Killing Ireland to threaten Spain

This article by a professor of economics at Dublin College is easily the most informative summary of the disaster presently facing Ireland, and by extension, the financial world.

The one thing you need to understand about the Irish bailout is that it had nothing to do with repairing Ireland’s finances enough to allow the Irish Government to start borrowing again in the bond markets at reasonable rates: what people ordinarily think of a bailout as doing.

The finances of the Irish Government are like a bucket with a large hole in the form of the banking system. While any half-serious rescue would have focused on plugging this hole, the agreed bailout ostentatiously ignored the banks, except for reiterating the ECB-Honohan view that their losses would be borne by Irish taxpayers. Try to imagine the Bank of England’s insisting that Northern Rock be rescued by Newcastle City Council and you have some idea of how seriously the ECB expects the Irish bailout to work.

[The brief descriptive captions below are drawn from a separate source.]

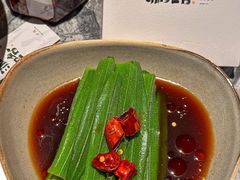 -湘路·湖南钵子菜·宴请(石龙仔店)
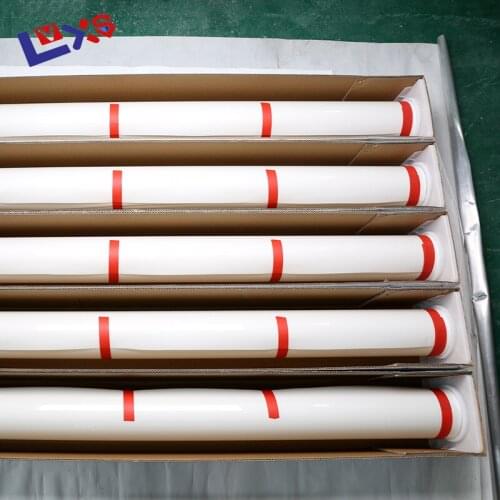 Clear PPF Self Healing TPH 76cm Change color film Paint Protection Film Explosion-proof film solar film Scratch Proof Films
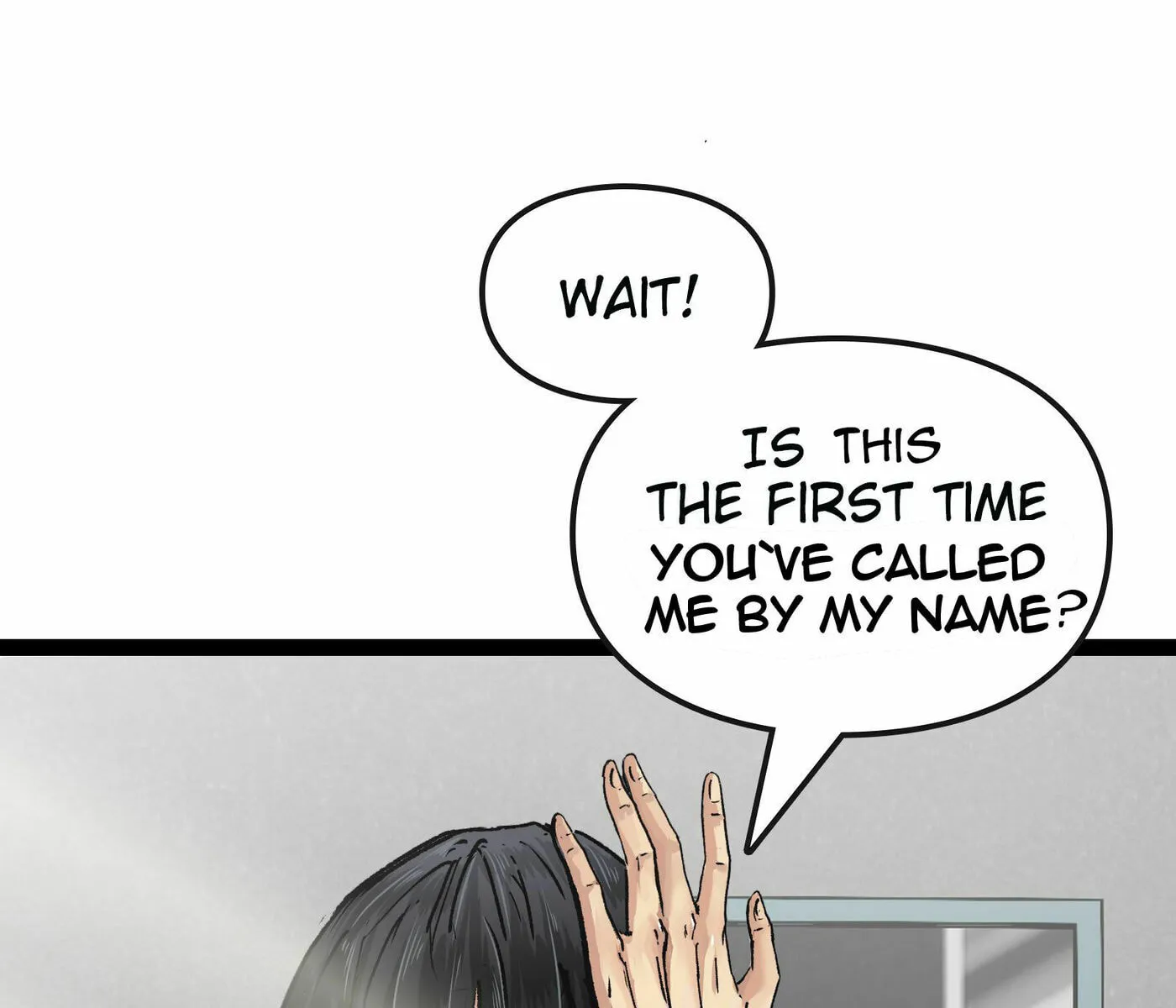 Death Speed Chapter 9 page 19 -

Instead, the sole purpose of the Irish bailout was to frighten the Spanish into line with a vivid demonstration that EU rescues are not for the faint-hearted. And the ECB plan, so far anyway, has worked. Given a choice between being strung up like Ireland – an object of international ridicule, paying exorbitant rates on bailout funds, its government ministers answerable to a Hungarian university lecturer – or mending their ways, the Spanish have understandably chosen the latter.

I didn’t realize that Geithner, the ex-NY Fed Secretary of the Treasury, was so directly involved in saddling the Irish taxpayer with the losses that would have otherwise been taken by the banks that were bailed out. I don’t see how it is possible to read this and still convince oneself that the world’s economic and financial problems of 2008 are in the past it’s perfectly clear that the global financial system hasn’t been fixed in any way, shape, or form, it is only that extend-and-pretend has gone from the national to the intercontinental level.

As I noted yesterday, despite my very contrarian predictions of a continued decline in housing prices, I actually appear to have underestimated the speed, and likely the eventual extent, of the collapse. In the same way, my predictions that the banks and governments of the world would reinforce their failure by taking it to the next level appears to have somewhat on the conservative side as well.

Ireland and Greece are already toast. They are almost guaranteed to default sometime within the next two years. What sort of domino effect this will kick off can’t be accurately predicted, but it seems reasonable to assume that the bankruptcy of an entire nation or three will be more calamitous than the mere failure of a single Austrian Creditanstalt.